System Design: Seat Selection & Reservation

Requirements

Functional Requirements:

Display interactive seat map showing available, occupied, and held seats in real time
Users can select, hold, and confirm seat reservations within a booking flow
Seat hold expires automatically after 10 minutes if not confirmed
Support bulk selection (multiple seats for group travel)
Airlines define seat classes with different pricing (Basic Economy, Economy, Business)
Adjacent seat suggestions for groups and accessibility seat restrictions enforcement

Non-Functional Requirements:

Seat map reflects current availability within 5 seconds of any change
Concurrent seat selection handled without double-booking (strong consistency)
Support 100,000 simultaneous seat selection sessions across 10,000 active flights
Seat hold creation and release must be idempotent
99.99% consistency — a double-booked seat creates operational and reputational damage

Scale Estimation

10,000 active flights × 200 seats/flight = 2 million trackable seat states. Seat map requests: 10 million/day (travelers checking seats) = 116/second average, 1,000/second peak. Seat state changes (holds, confirmations, releases): 5 million holds/day + 3 million confirmations/day + 2 million releases = 10 million events/day = 116/second average. Each event requires a consistent atomic update and a broadcast to all clients viewing that flight's seat map. The fanout challenge: for a popular flight with 1,000 users viewing the seat map simultaneously, a single seat hold generates 1,000 push updates.

High-Level Architecture

The seat selection system combines a strongly consistent reservation store with a real-time seat map broadcast layer.
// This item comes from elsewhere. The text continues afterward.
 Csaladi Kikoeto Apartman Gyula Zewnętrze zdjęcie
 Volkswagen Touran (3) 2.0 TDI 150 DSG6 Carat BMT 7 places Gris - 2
The two planes must be carefully separated: the consistency plane (where seats are actually allocated) must never allow double-booking; the broadcast plane (where seat map updates are pushed to clients) tolerates up to 5-second staleness.
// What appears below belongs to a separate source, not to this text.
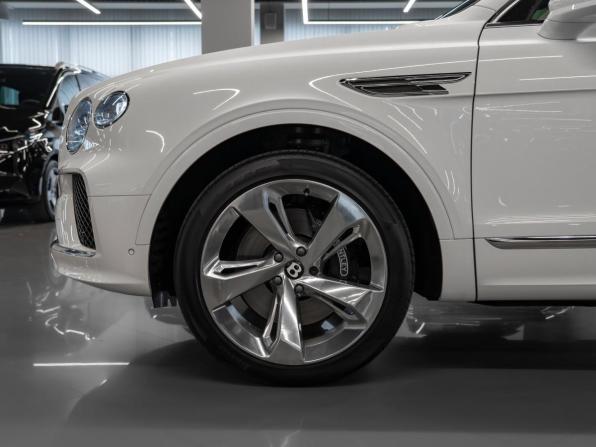 Bentley Bentayga I Рестайлинг с пробегом 2024 года, цена 25 750 000 рублей, 18342 км, внедорожник, Автокод Объявления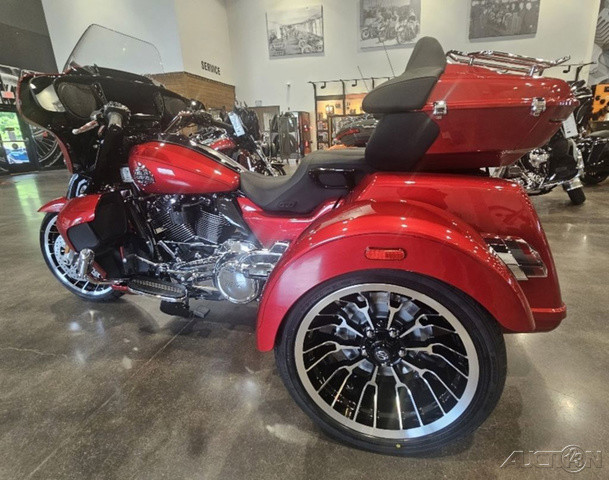 Street Glide® 3 Limited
The Seat Inventory Service is the consistency authority. It stores seat states in Redis with distributed locking: each seat is identified by (flight_id, seat_number) and its state is one of AVAILABLE, HELD (with hold_id, user_id, expires_at), or CONFIRMED (with booking_id). Atomic state transitions use Redis Lua scripts (SET if state == expected) to prevent race conditions. Hold expiry is managed by Redis key TTLs + a background cleanup job.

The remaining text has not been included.